Alpay, assim como outros colunistas e jornalistas do Zaman, não pertence ao movimento, mas escrevia no jornal porque era o único grande espaço de crítica ao governo que havia restado, assim como o canal de TV do Hizmet, também fechado. O Zaman declarava ter uma circulação de 1 milhão de exemplares. No total, segundo o Hizmet, foram emitidos até agora mandados de prisão contra 187 jornalistas.

"Não cometi crime nenhum, não sei por que estou sendo detido", disse Alpay, de 71 anos, ao ser levado pelos policiais de sua casa.

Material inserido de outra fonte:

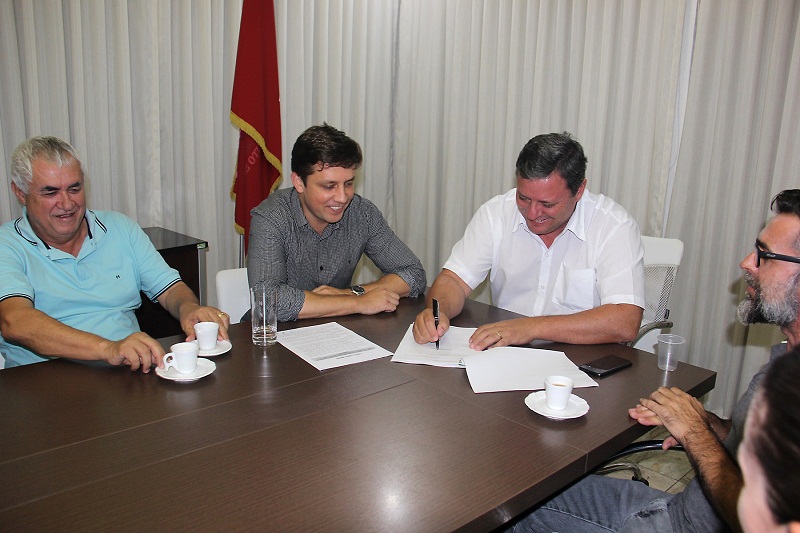 Balneário Camboriú e Camboriú firmam parceria para implantação do Parque Inundável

Ele já havia sido demitido da Universidade Bahcesehir, por causa de suas críticas ao governo. Alpay publicou um artigo no Estadão em julho de 2013, comparando Dilma Rousseff e Erdogan, e participou de seminário comigo na Fundação FHC, em São Paulo, em novembro do mesmo ano. Eu o conheço desde 2006, quando cobri a visita do papa Bento 16 à Turquia. Estivemos juntos pela última vez em setembro, em Istambul. Ele era bastante conhecido na Turquia. Enquanto jantávamos em um restaurante de Istambul, um grupo de jovens veio pedir-lhe autógrafo.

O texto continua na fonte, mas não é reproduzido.